▸ What you need to do
Once the line holding "Evolve Soy Wax Pink Heart Rose - Vanilla" appears, repeat it and each line after it to the end of the data, exactly and with nothing else; pictures stay out.

▸ Supplied material
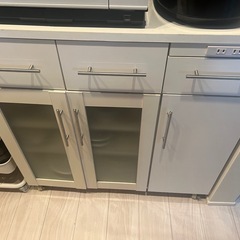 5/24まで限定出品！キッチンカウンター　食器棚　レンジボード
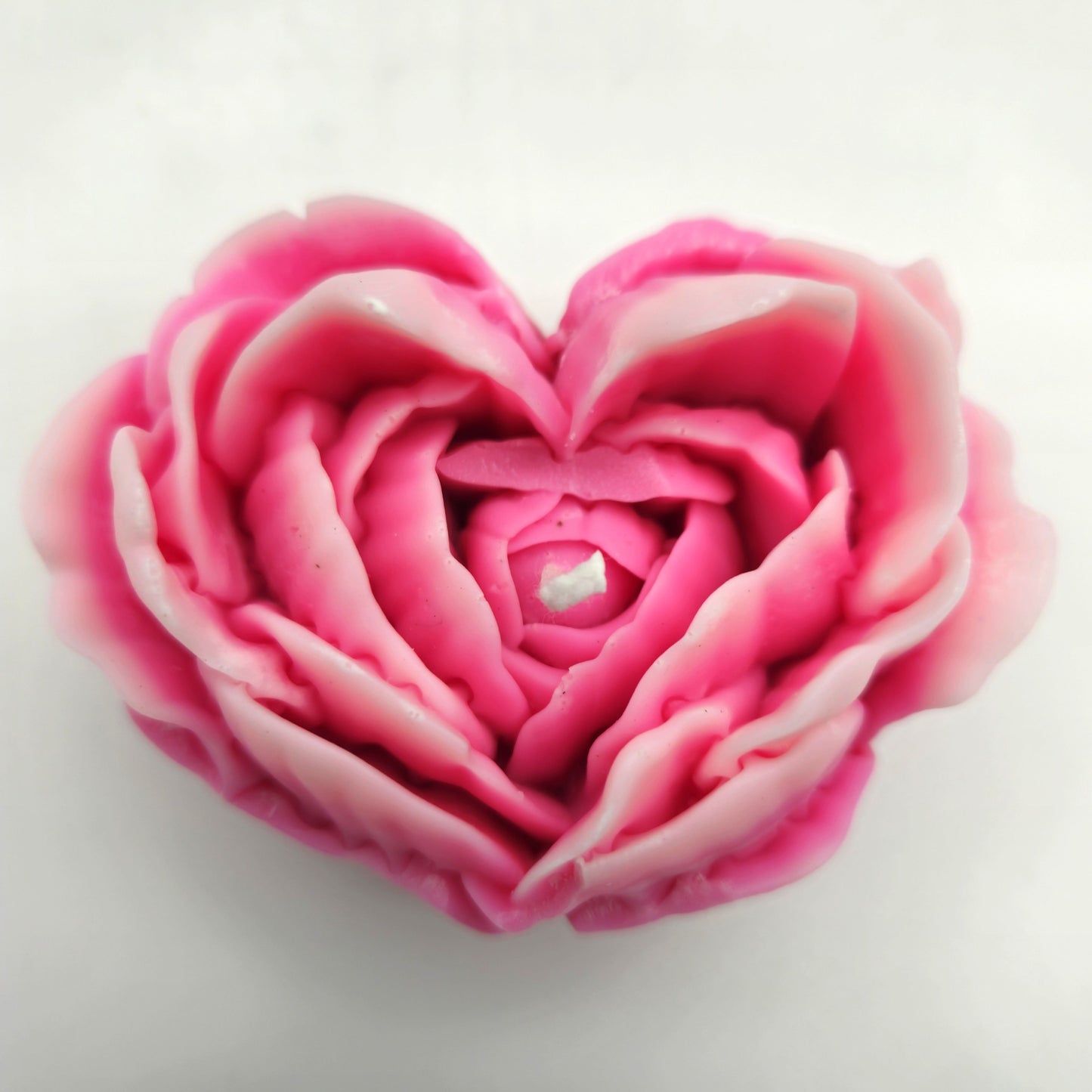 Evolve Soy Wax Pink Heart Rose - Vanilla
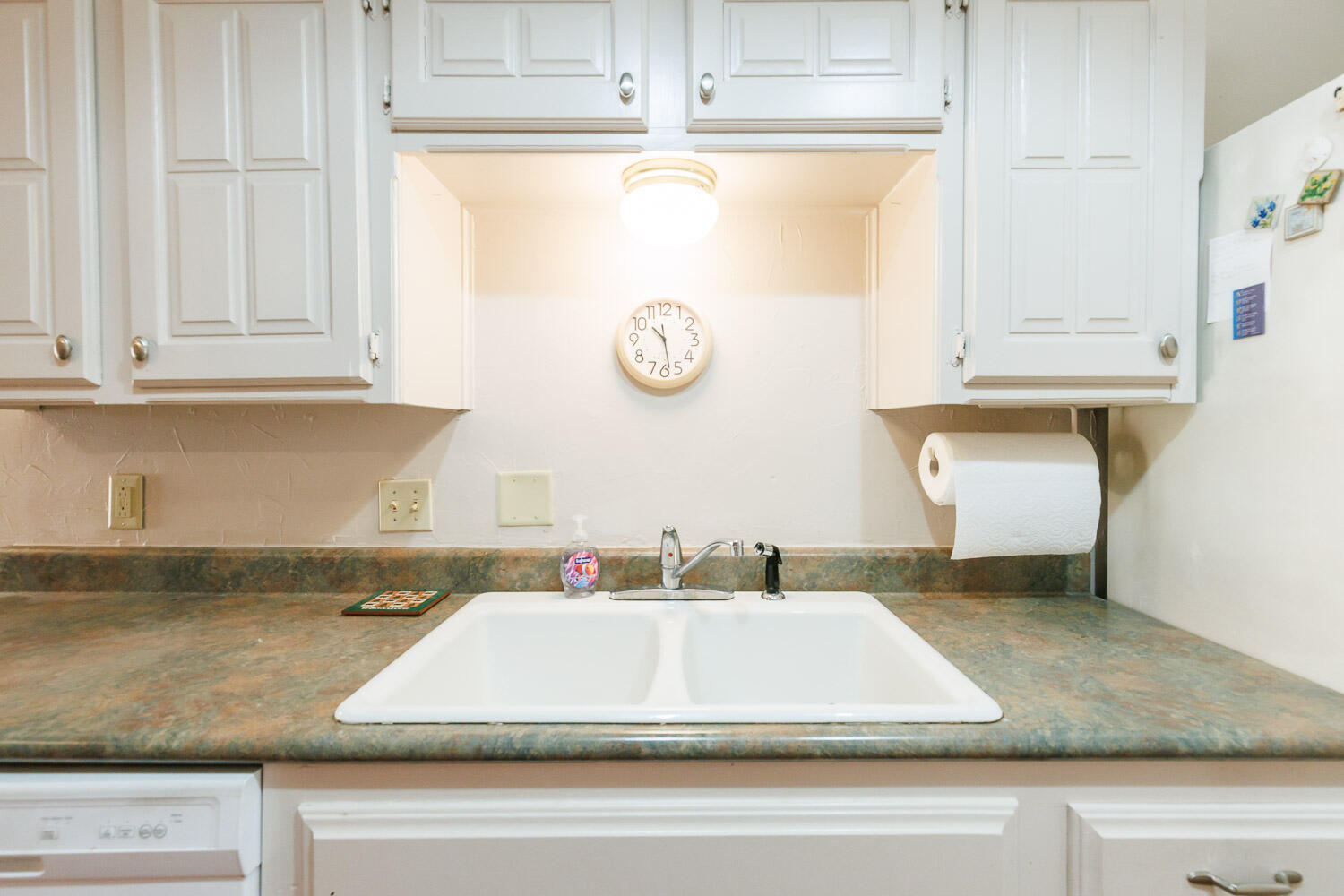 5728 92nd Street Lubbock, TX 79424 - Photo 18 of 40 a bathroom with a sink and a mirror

▸ Solution to this exercise
 Evolve Soy Wax Pink Heart Rose - Vanilla
 5728 92nd Street Lubbock, TX 79424 - Photo 18 of 40 a bathroom with a sink and a mirror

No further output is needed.